Archive for April, 2016


While reading The Celtic Way of Evangelism this week, I found a reference to Carmina Gadelica which was billed as a collection of prayers, hymns, charms, incantations, blessings, literary-folkloric poems and songs, proverbs, lexical items, historical anecdotes, natural history observations, and miscellany gathered in the Gaelic-speaking  regions of Scotland between 1860 and 1909. The material was recorded, translated, and reworked by the exciseman and folklorist Alexander Carmichael. (1832–1912) who, with the assistance of family and friends, published the first two of six volumes.  After reading the long-playing version of St. Patrick’s Breastplate, I purchased the 1992 a one-volume English-language edition.

The book is actually a collection of folk prayers or common prayers and rituals of the people. Some of the prayers serve to make sacred the simple everyday tasks of living such as sweeping a room, stoking a fire and the like. The rituals may seem odd to us because we don’t have a sense of living in a world where spirits (good and evil) are nigh to us. The prayers reflect a people who have been shaped by a Christian vision of the world, but still retain some pre-Christian sensibilities about the world around them.

Many of the prayers are absolutely stunning and stirring; and, in reading them prayers, one can discern that the Celtic mind was “God-intoxicated”.  God was present and felt “at all times and in all places”, to borrow a phrase.  Theologically we probably could call the Celtic mindset panentheistic-God was in everything.

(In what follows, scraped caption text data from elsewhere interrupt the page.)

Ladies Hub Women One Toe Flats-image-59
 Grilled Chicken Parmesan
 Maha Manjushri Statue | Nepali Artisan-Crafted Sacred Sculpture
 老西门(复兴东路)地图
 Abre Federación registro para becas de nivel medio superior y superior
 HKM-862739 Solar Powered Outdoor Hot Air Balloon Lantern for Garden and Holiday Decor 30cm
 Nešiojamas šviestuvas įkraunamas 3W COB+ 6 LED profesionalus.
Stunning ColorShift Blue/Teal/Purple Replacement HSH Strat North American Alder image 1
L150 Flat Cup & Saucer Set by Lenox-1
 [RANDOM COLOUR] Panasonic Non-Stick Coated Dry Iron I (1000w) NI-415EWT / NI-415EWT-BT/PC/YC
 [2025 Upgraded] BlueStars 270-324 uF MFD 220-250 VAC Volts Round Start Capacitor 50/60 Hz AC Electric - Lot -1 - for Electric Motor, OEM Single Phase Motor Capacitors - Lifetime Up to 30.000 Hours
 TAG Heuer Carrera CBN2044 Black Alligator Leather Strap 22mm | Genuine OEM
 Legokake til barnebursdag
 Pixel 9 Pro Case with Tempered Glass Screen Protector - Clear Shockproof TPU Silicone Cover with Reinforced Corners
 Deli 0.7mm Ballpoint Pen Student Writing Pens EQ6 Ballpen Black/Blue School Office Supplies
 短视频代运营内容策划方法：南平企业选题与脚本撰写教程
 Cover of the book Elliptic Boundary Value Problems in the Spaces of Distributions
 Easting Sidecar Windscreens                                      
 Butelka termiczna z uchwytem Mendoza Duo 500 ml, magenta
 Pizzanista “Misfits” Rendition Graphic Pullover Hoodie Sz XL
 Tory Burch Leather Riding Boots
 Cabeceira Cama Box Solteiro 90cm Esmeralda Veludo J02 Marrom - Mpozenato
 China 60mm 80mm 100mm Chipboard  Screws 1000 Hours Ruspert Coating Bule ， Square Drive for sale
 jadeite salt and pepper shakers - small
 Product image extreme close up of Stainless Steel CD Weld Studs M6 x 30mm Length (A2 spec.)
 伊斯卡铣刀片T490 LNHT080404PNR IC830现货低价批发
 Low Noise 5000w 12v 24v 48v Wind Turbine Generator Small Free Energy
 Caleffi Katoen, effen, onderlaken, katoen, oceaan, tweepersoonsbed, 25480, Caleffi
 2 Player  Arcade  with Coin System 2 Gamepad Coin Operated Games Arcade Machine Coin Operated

Consider that today for most Christians, prayers are limited to church or the home and are typically formal. Not so here.  Carmina Gadelica is how true Christian prayer was meant to be.  While written down, these prayers remain spontaneous, lively, of the moment, coming from the heart. Sufficed to say, this is the Celtic book of “uncommon prayer”, and is well worth having and especially praying!